During the brief ride downtown and cross-town she got more realistic. She said, among other things, “I was taken in by Peter Root. I thought he was innocent and was being made the goat. So I expressed myself accordingly, and why shouldn’t I? But I am over all that, as you know unless you are a two-faced subhuman Pithecanthropus, and this business about the murder of that Jensen, which I read about in the morning paper, is utter poppycock. I’m a working girl. After my experience with the charming, irresistible Peter I wouldn’t marry a combination of Winston Churchill and Victor Mature. I wouldn’t even marry you. I have a future. I intend to become the first female vice-president of the biggest advertising agency in the country. I never will, or anyway not for years, if my name is made public as a suspect in a murder case. The publicity about me in t
he Peter Root business didn’t help me any, and this would about finish me.”

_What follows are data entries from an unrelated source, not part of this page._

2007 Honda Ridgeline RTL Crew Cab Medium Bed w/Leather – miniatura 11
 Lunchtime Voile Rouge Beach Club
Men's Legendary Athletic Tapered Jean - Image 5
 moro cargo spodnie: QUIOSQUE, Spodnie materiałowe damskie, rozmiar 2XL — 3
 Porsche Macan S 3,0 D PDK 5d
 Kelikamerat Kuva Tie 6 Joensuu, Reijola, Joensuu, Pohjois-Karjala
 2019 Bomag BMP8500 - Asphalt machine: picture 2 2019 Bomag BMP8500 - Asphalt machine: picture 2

“Don’t,” I advised her, “take that line with Nero Wolfe. His attitude toward women as business executives is a little peculiar, not to mention his attitude toward women.”
“I’ll handle Nero Wolfe.”
“Hooray. No one ever has yet.”
I didn’t get to see her try, because she didn’t get to see Wolfe.
Since chain-bolt orders were in effect, my key wouldn’t let us in and I had to ring the doorbell for Fritz. I had just pushed the button when who should appear, mounting the steps to join us on the stoop, but the Army officer that they use for a model when they want to do a picture conveying the impression that masculine comeliness will win the war. I admit he was handsome; I admitted it to myself right then, when I first saw him. He looked preoccupied and concentrated, but even so he found time for a glance at Jane, which was actually nothing against him, especially when you consider that she also found time for a glance at him. At that moment the door swung open and I spoke to Fritz. “Okay, thanks. Is Mr. Wolfe in the office?”
“No, he’s up in his room.”
“All right, I’ll take it.” Fritz departed, and I maneuvered into position to dominate the scene, on the doorsill facing out. I spoke to the masculine model. “Yes, Major? This is Nero Wolfe’s place.”
“I know it is.” He had a baritone voice that suited him to a T. “I want to see him. My name is Emil Jensen. I am the son of Ben Jensen, who was killed last night.”
“Oh.” There wasn’t much resemblance, but that’s nature’s lookout. I have enough to do. “Mr. Wolfe has an appointment. It would be handy if I could tell him what you want.”
“I want to-consult him. If you don’t mind, I’d rather tell him.” He smiled to take the sting off. Probably Psychological Warfare Branch.
“I’ll see. Come on in.” I made room for Jane and he followed her. After attending to the bolt I escorted them to the office, invited them to sit, and went to the phone on my desk and buzzed Wolfe’s room extension.
“Yes?” Wolfe’s voice came.
“Archie. Miss Geer is here. Also Major Emil Jensen just arrived. He is the son of Ben Jensen and prefers to tell you what he wants to consult you about.”
“Give them both my regrets. I am engaged and can see no one.”
“Engaged for how long?”
“Indefinitely. I can make no appointments for this week.”
“But you may remember-”
“Archie! Tell them that, please.” The line died.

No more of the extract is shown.